Energy & Pending Inflation Turning a Corner To Boost Canadian Dollar
Fundamental Forecast for CAD: Neutral
- Bank of Canada Leaves CAD Bears Wanting More, But Unsure If They’ll Receive
- Canadian Trade Exposure To EM Gets Big Boost From China PPI
- Crude Oil Pressing Resistance Supporting CAD Across The Board In Early December
The Canadian Dollar is ending the week of December 9 atop the podium of G10 FX. When you look at the start of the week or even against a few weeks ago, there is a stirring of optimism surrounding the Canadian Dollar.
On Wednesday, the Bank of Canada Rate Decision and subsequent press conference was supportive of more Canadian Dollar strength as Stephen Poloz spoke without mention of weakening the CAD to support weakening export volumes. After holding rates steady at 0.5%, Thursday’s Building Permits data shocked many as expectations for 1.5% MoM came in at 8.7%, which added to the confidence that Canada might have avoided an economic downturn with a confident BoC. The Bank of Canada also noted that some of the fiscal effects of PM Trudeau are yet to show up in economic data, which means more surprises could be on the way.
Economic Data on Deck for Canada This Week
Next week is expected to be a quiet week regarding economic releases.
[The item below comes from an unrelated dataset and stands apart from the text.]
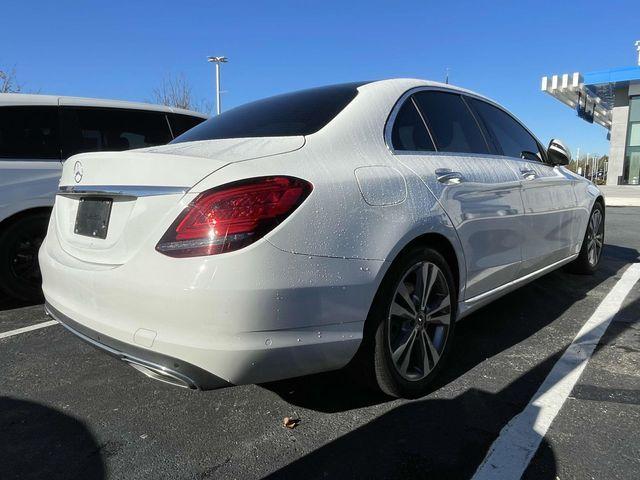 used 2020 Mercedes-Benz C-Class car, priced at $24,811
The main print will come on the Thursday with the Manufacturing Sales, which is a healthy component of GDP albeit, not tier-1 data.
Traders will likely continue to keep an eye on U.S. Yields as an indication of pending global inflation through the new world order of trade that is expected to begin under the new U.S. Administration that takes office on January 20. The one component of the next four years that traders appear confident in is that inflation will find its way into the world through reversing free-trade and favoring high-wage (relative to a global scale) producers then have been observed in EM that began to dominate the world’s consistent price declines from 1980s-2010s.
Technical & Macro Outlook: Friday’s run higher in the Canadian Dollar had the CAD as the only pair in Friday morning trading atop the U.S. Dollar. There appears to be less and less of a compelling case for CAD weakness given recent Bank of Canada rhetoric and the sticky Oil price above $50. A further push higher in Oil could provide some fiscal stability to Canada and keep the CAD strengthening.
The technical picture has USD/CAD sitting atop a mountain of chart support. The key chart supports include the 100-DMA (1.3193), the base of the Ichimoku Cloud (1.3127), and a trendline drawn from the May and August low. However, there are no guarantees in markets that support will hold and a break below support could show a cycle of Canadian Dollar strength, which may cause the Bank of Canada to be a bit more vocal on measures to support manufacturing and exports with a weaker Canadian Dollar.